#### Dataset
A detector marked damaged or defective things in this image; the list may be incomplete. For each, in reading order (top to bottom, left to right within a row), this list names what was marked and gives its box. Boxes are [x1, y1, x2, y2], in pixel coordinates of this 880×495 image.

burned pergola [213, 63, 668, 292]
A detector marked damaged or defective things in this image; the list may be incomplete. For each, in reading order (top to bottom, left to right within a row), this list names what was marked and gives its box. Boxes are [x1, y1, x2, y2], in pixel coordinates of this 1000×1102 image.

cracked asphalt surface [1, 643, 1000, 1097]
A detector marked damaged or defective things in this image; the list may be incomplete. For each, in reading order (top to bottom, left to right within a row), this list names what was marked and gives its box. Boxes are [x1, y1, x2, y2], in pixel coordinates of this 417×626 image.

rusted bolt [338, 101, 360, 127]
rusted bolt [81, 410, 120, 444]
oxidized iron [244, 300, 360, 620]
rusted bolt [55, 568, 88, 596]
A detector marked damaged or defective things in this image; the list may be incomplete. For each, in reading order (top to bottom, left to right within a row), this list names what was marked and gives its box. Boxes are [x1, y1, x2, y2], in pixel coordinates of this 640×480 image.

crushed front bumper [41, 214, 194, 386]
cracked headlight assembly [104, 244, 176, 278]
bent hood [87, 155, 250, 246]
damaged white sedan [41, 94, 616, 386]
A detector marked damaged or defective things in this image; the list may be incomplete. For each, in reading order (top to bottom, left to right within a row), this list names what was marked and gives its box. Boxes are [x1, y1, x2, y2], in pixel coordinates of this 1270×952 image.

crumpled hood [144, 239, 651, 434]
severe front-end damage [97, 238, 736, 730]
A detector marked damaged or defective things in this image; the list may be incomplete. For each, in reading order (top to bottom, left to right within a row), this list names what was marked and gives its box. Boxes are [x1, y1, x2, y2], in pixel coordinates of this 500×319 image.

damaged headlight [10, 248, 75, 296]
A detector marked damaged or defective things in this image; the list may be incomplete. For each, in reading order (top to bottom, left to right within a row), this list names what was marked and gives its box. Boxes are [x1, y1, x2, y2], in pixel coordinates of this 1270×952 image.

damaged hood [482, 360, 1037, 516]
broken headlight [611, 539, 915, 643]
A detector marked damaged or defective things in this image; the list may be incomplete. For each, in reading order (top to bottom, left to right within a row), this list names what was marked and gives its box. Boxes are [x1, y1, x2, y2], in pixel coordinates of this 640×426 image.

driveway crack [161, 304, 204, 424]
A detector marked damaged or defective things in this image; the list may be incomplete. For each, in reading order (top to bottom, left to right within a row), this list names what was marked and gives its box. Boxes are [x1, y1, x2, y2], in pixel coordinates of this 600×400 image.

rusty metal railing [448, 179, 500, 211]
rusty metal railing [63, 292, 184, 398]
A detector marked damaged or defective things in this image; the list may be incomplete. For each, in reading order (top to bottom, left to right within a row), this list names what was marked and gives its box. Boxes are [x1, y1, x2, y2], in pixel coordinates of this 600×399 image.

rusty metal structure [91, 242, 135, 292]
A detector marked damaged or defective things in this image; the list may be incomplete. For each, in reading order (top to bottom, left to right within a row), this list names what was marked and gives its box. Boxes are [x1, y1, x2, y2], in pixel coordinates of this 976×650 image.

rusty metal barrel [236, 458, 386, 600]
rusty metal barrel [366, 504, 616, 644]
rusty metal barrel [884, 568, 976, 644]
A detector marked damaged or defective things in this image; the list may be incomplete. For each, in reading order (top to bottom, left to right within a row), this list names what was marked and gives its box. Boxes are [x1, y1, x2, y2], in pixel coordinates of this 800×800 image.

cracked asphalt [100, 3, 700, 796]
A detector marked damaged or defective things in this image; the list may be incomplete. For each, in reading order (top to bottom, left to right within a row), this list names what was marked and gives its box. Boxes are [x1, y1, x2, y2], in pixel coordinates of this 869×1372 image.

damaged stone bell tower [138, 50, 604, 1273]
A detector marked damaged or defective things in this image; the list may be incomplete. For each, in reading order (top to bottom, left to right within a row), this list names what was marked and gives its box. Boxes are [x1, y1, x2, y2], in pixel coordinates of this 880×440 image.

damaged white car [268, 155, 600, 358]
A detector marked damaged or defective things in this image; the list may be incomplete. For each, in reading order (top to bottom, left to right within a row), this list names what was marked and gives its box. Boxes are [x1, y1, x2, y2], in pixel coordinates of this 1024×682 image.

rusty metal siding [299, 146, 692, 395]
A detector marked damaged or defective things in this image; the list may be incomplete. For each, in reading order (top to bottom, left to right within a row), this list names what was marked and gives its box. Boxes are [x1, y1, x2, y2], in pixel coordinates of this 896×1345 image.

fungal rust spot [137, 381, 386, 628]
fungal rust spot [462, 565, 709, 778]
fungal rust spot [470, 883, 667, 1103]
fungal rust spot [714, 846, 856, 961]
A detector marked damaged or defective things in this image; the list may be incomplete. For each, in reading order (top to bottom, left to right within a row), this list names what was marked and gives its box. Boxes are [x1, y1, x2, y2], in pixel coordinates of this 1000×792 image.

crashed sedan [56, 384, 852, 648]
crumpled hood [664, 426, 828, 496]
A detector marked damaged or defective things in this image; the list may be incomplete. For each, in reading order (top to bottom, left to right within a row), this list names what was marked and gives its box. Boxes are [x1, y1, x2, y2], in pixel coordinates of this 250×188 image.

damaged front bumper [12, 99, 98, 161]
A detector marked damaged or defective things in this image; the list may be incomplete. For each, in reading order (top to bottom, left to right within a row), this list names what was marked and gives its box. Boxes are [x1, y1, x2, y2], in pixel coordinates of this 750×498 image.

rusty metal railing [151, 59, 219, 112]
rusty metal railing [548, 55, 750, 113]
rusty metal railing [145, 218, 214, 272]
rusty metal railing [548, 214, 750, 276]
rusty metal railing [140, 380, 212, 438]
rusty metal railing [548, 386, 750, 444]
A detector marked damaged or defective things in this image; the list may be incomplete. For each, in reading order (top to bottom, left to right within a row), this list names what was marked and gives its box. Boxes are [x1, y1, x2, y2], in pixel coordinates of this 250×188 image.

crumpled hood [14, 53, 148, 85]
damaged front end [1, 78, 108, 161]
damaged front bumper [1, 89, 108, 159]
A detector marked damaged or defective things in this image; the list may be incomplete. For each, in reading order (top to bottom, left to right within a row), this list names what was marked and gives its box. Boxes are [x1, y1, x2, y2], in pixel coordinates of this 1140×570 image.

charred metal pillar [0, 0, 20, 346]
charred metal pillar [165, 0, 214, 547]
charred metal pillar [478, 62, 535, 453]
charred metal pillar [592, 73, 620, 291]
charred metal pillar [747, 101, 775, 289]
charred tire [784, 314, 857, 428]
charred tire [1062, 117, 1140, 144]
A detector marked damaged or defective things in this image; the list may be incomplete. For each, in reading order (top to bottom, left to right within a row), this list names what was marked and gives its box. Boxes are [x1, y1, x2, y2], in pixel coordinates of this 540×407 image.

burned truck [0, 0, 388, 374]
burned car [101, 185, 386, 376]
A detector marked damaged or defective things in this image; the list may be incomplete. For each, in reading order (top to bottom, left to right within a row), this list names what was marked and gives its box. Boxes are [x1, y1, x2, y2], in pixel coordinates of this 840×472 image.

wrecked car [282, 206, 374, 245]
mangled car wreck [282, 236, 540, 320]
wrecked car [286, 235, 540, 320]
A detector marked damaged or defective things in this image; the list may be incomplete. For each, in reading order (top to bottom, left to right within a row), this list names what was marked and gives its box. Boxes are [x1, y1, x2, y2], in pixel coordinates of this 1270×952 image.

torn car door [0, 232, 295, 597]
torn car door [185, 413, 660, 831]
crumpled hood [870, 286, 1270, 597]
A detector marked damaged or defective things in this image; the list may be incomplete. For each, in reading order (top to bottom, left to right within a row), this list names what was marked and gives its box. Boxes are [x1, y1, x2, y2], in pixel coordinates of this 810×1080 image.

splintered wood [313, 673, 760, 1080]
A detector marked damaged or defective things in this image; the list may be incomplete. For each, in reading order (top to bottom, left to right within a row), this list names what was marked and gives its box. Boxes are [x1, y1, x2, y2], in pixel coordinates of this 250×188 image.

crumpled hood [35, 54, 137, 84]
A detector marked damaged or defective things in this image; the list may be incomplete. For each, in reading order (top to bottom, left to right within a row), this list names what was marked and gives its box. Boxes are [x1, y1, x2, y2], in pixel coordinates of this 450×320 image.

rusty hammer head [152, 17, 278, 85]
########
● **Task brief**: Beginning with the line that contains "this 810×1080 image.", each line of the records above through the last one must be printed word for word.

● **Written response**:
A detector marked damaged or defective things in this image; the list may be incomplete. For each, in reading order (top to bottom, left to right within a row), this list names what was marked and gives its box. Boxes are [x1, y1, x2, y2], in pixel coordinates of this 810×1080 image.

splintered wood [313, 673, 760, 1080]
A detector marked damaged or defective things in this image; the list may be incomplete. For each, in reading order (top to bottom, left to right within a row), this list names what was marked and gives its box. Boxes are [x1, y1, x2, y2], in pixel coordinates of this 250×188 image.

crumpled hood [35, 54, 137, 84]
A detector marked damaged or defective things in this image; the list may be incomplete. For each, in reading order (top to bottom, left to right within a row), this list names what was marked and gives its box. Boxes are [x1, y1, x2, y2], in pixel coordinates of this 450×320 image.

rusty hammer head [152, 17, 278, 85]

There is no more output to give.